Dataset excerpt:
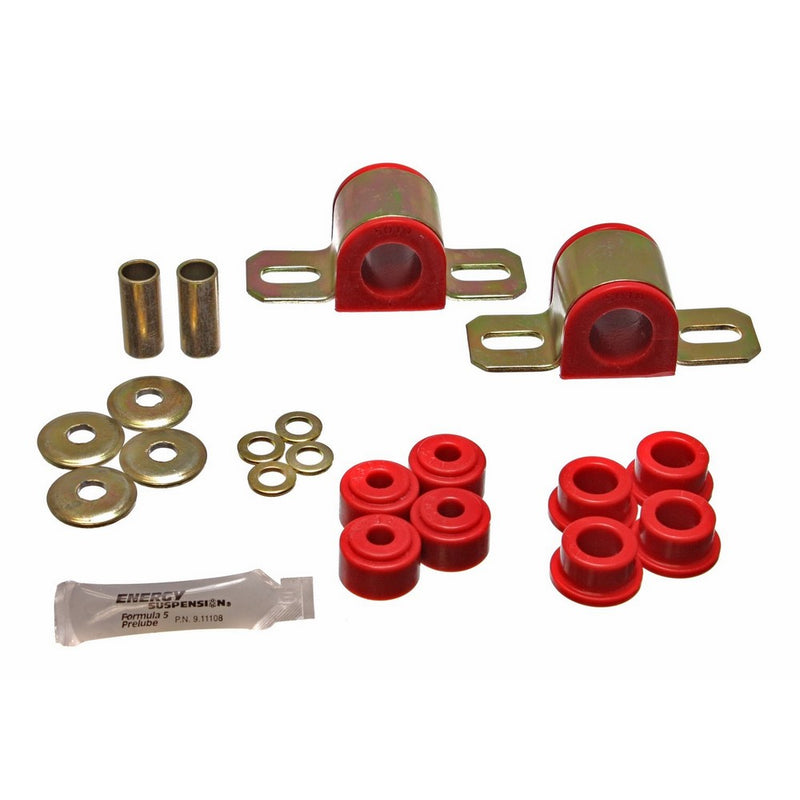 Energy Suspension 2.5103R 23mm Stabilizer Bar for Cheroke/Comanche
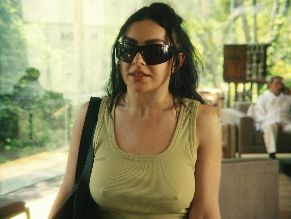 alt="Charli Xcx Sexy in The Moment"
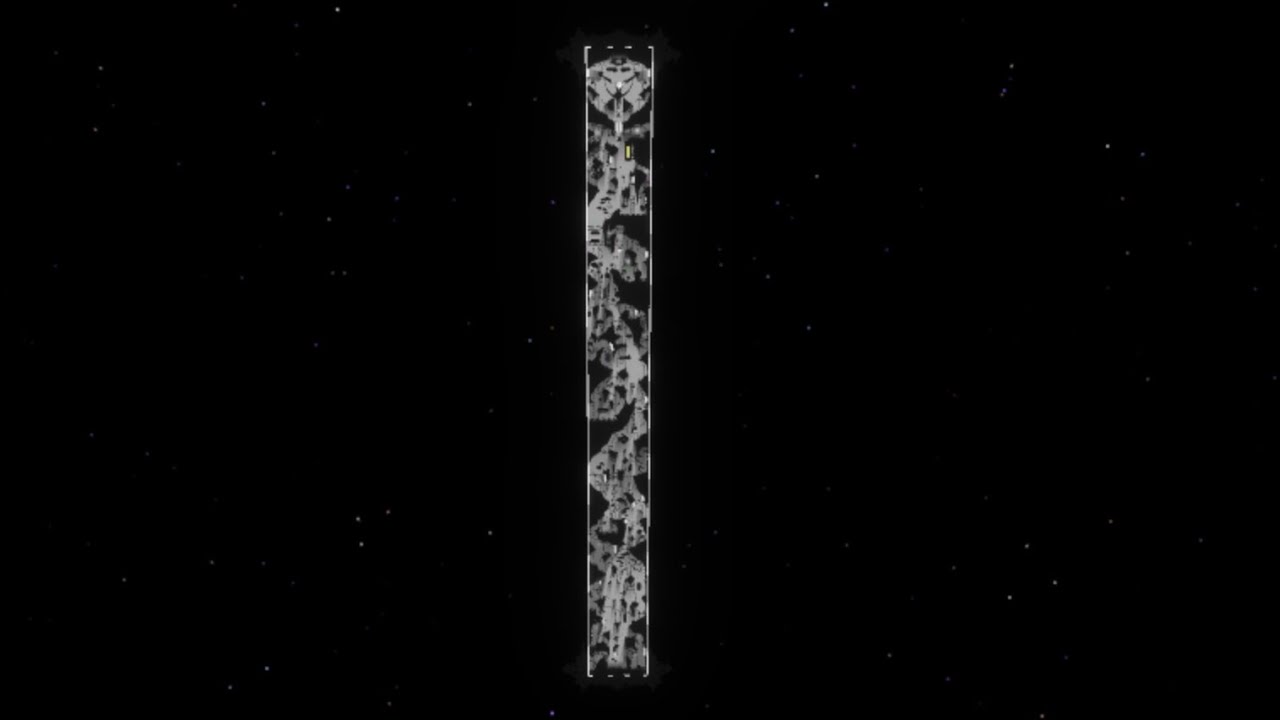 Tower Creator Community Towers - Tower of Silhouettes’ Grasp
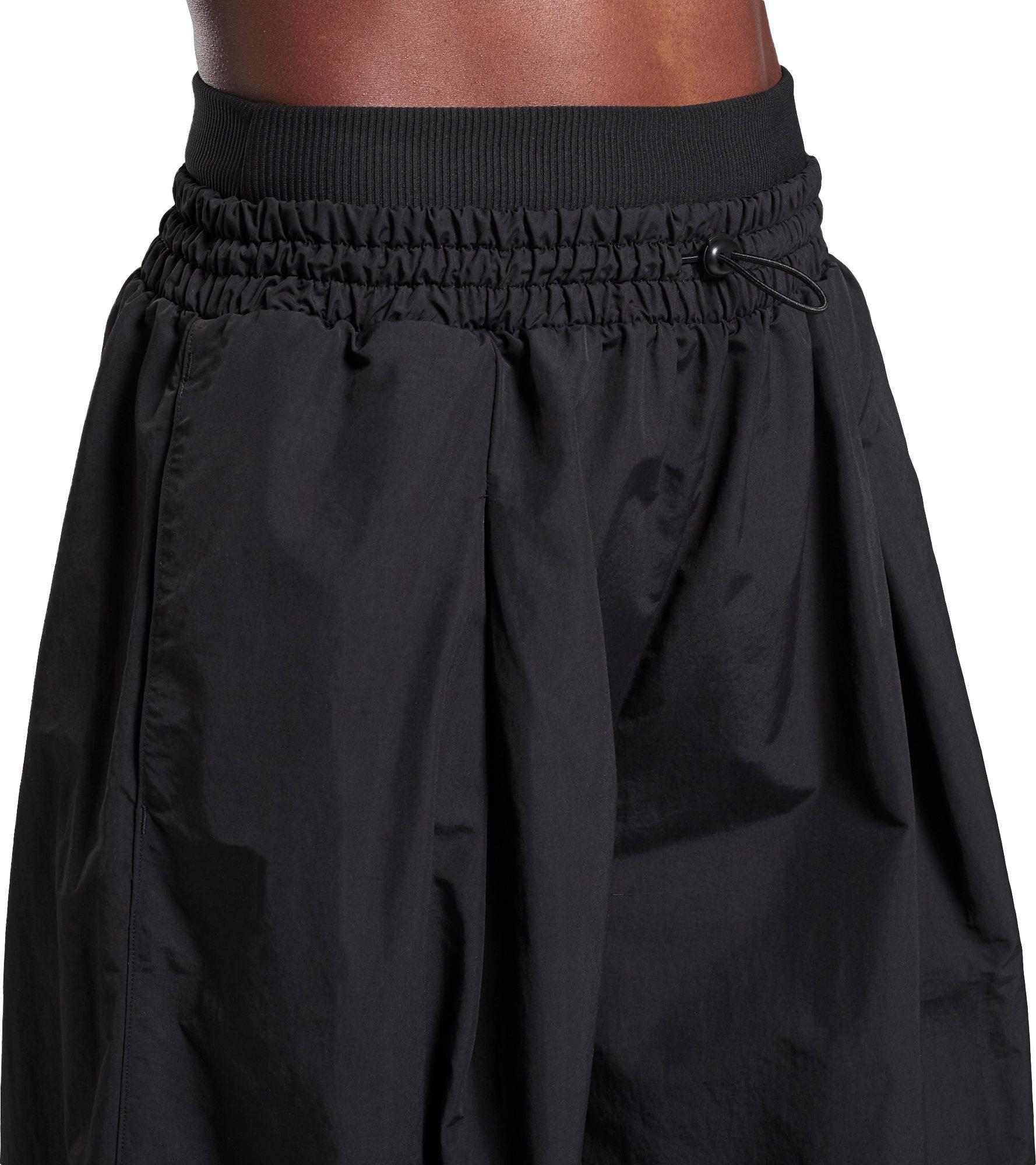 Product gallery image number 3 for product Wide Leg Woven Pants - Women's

Task to complete:
The answer should consist of every line above, exact and free of images.

Response below:
 Energy Suspension 2.5103R 23mm Stabilizer Bar for Cheroke/Comanche
 alt="Charli Xcx Sexy in The Moment"
 Tower Creator Community Towers - Tower of Silhouettes’ Grasp
 Product gallery image number 3 for product Wide Leg Woven Pants - Women's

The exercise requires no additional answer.